I saw that the last hidden state of the CLIP text features is passed to stable diffusion. It has shape [B, 77, 1024]
. I am instantiating the text-related components of CLIP from the stable-diffusion checkpoints.
My problem is that the last hidden state of the CLIP image features has shape [B, 257, 1024]
. I need to instantiate the CLIPVisionModel
from another repo, because stabilityai/stable-diffusion-2-1-base
does not have it.
This is my code:
model_id = "stabilityai/stable-diffusion-2-1-base"
text = ""
tokenizer = AutoTokenizer.from_pretrained(model_id, subfolder="tokenizer", use_fast=False,)
text_encoder = CLIPTextModel.from_pretrained(model_id, subfolder="text_encoder")
image_processor = CLIPImageProcessor.from_pretrained(model_id, subfolder="feature_extractor")
image_encoder = CLIPVisionModel.from_pretrained("laion/CLIP-ViT-H-14-laion2B-s32B-b79K")
# text
text_inputs = tokenizer(["a photo of a cat"], max_length=tokenizer.model_max_length, padding="max_length", truncation=True, return_tensors="pt")

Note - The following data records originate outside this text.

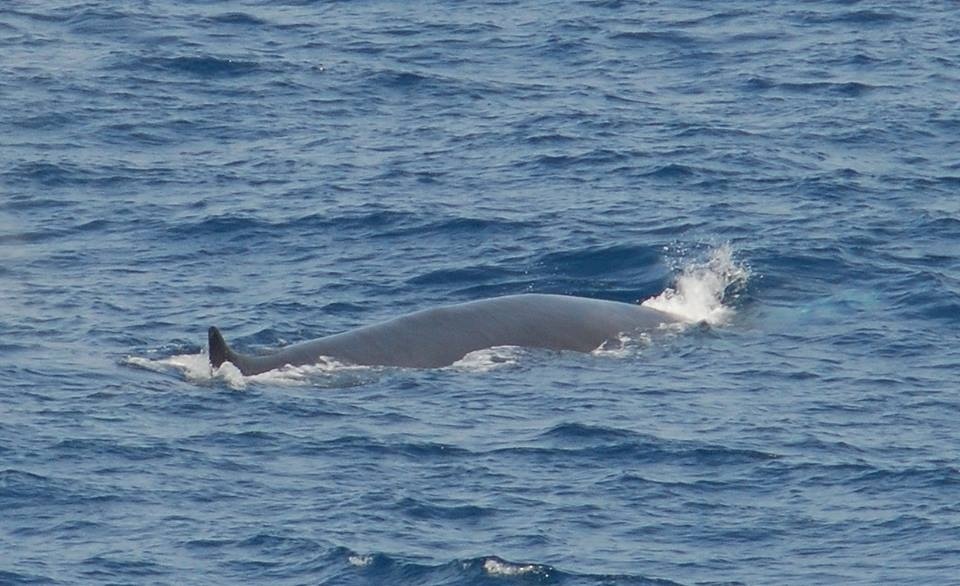 La ballena nadaba por la costa sur de Menorca.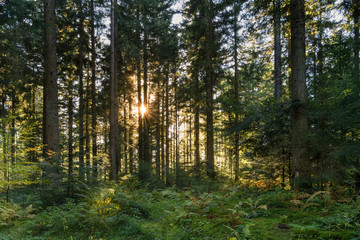 Autumn landscape - Black Forest. In the middle of the Black Forest at sunset.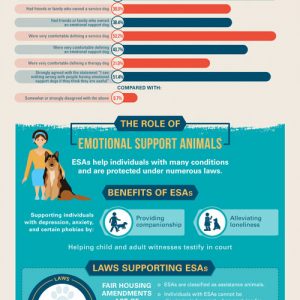 50 Amazing Animal Facts [Infographic] - Best Infographics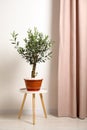 Beautiful potted olive tree on stool indoors Royalty Free Stock Photo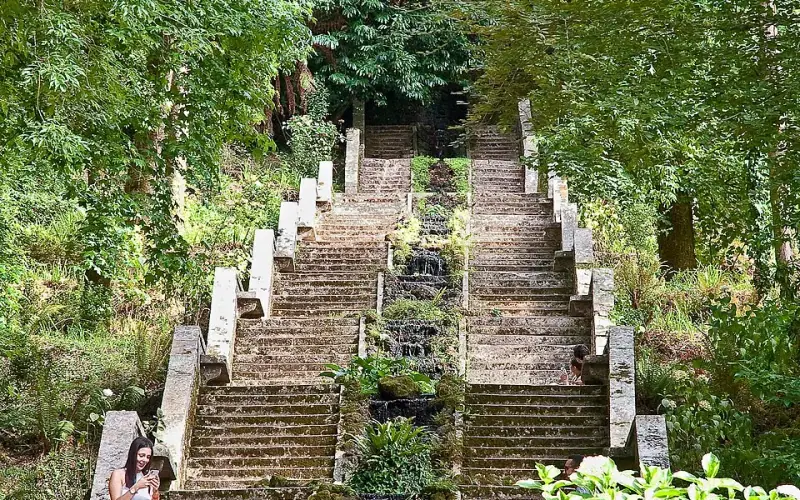 Buçaco National Forest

text_features = text_encoder(**text_inputs) # [1, 77, 1024]
print(text_features.last_hidden_state.shape)
# image
image_inputs = image_processor(images=image, return_tensors="pt")
image_features = image_encoder(**image_inputs) # [1, 257, 1280]
print(image_features.last_hidden_state.shape)
- Is it even possible to replace the text embeddings with image embedding directly?
- If yes, then how can I get the same shapes?
- I think that the vision- and text-encoder outputs are passed through a projection layer before loss computation during training. Would I need to map the
image_features
to the projection space and from there to the text embedding space using the linear projections?